Ma, generalmente parlando, lo stata di salute, il sonno, il cibo, la temperatura, il tempo, l’ambiente, e mille altre condizioni esterne influiscono considerevolmente sulla nostra disposizione, e questa, a sua volta, sui nostri pensieri. Ne viene che il nostro modo di considerar le cose, come pure l’attitudine a produrre qualche opera, sono fino ad un certo punto subordinate al tempo ed anche al luogo. Goethe ha detto: «Afferrate la buona disposizione perocché essa viene di rado». Non è solo per le concezioni oggettive e per i pensieri originali che ci è necessario attendere se e quando piaccia loro di venir a noi, ma anche la meditazione profonda d’una faccenda personale non riesce mai nell’ora fissata precedentemente e nel momento in cui vogliamo dedicarvici; essa pure sceglie da sé il suo tempo, e lo fa quando una conveniente figliazione delle idee si sviluppa spontanea, e quando possiamo seguirla con intera efficacia.
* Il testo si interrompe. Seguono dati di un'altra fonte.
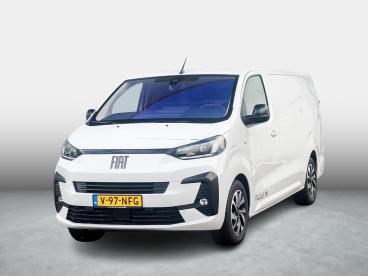 SPOTICAR Fiat Scudo E-scudo L3 75 Kwh | City Pack | 17" | Exterieur Pack | Laa Tweedehands - Bedrijfswagen Elektrisch Wit - Waddinxveen - 1200284389_1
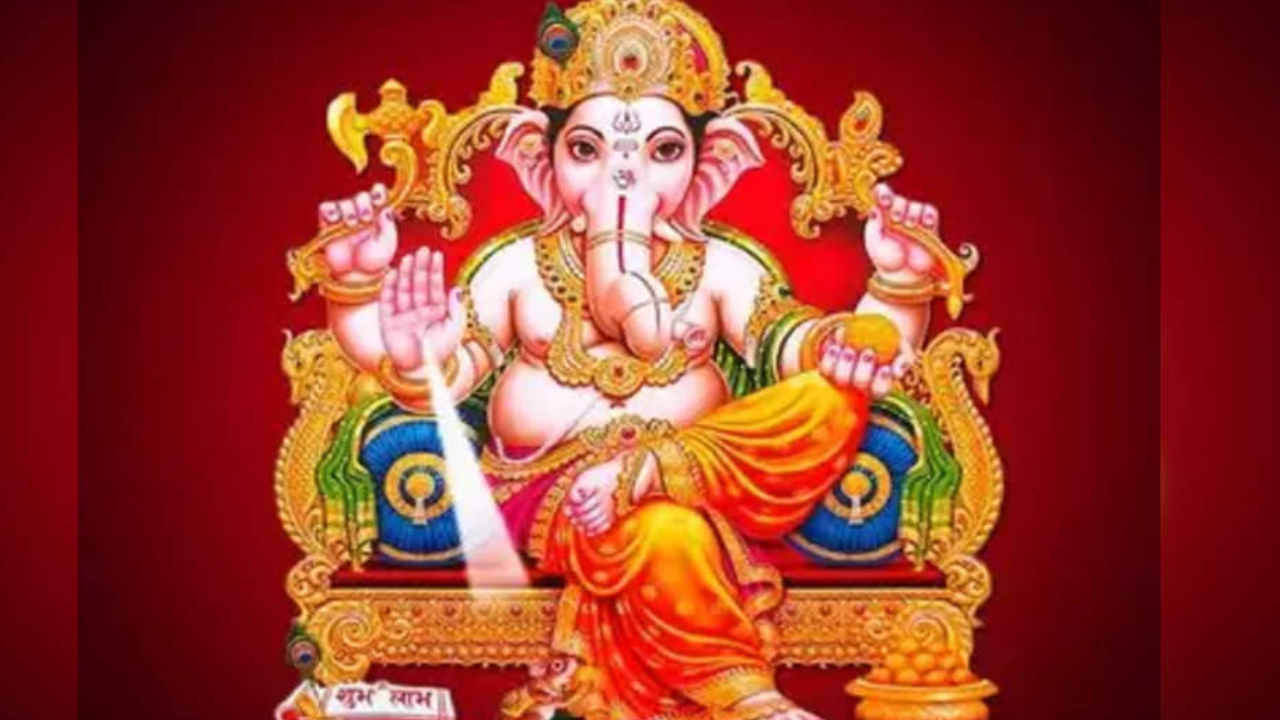 Lord Ganesha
Per meglio tener in freno la fantasia, come noi lo raccomandiamo, occorre non permetterle di ricordare e di colorire vivamente i torti, i danni, le perdite, le offese, le umiliazioni, le vessazioni, ecc., subite per il passato, perocché con questo agitiamo nuovamente l’indegnazione, la collera, e tante altre odiose passioni assopite da lungo tempo, passioni che tornano ad imbrattare l’anima nostra. Secondo un bel confronto del neoplatonico Proclo, come in ogni città a lato dei nobili e della gente civile s’incontra la plebaglia d’ogni specie οχλος, così in qualunque uomo, fosse pure il più nobile ed il più eminente, si trova l’elemento basso e volgare della natura umana, anzi qualche volta si potrebbe dire della natura bestiale. Questa plebaglia non deve esser eccitata al tumulto; né bisogna permetterle di mostrarsi alla finestra, perché la vista ne è molto brutta. Ora quelle produzioni della fantasia, di cui parlammo adesso, sono i demagoghi del popolaccio.
Aggiungiamo che la più piccola contrarietà, provenga pure dagli uomini o dalle cose, se ci occuperemo costantemente a ruminarla ed a dipingerla sotto colori vistosi ed a grossa scala, può ingrandirsi fino a diventare un mostro che ci faccia perdere il senno. È necessario invece accogliere molto prosaicamente e molto freddamente tutto ciò che è dispiacevole allo scopo di affliggersene il meno possibile.
Nella stessa guisa che gli oggetti piccoli tenuti troppo da presso all’occhio diminuiscono il campo della visione e nascondono il mondo, così gli uomini e le cose che ci contornano più da vicino, quand’anche fossero dappoco ed indifferenti al più alto grado, occuperanno spesso la nostra attenzione ed i nostri pensieri al di là d’ogni convenienza, e svieranno idee ed affari d’alta importanza. Conviene reagire contro una tale tendenza.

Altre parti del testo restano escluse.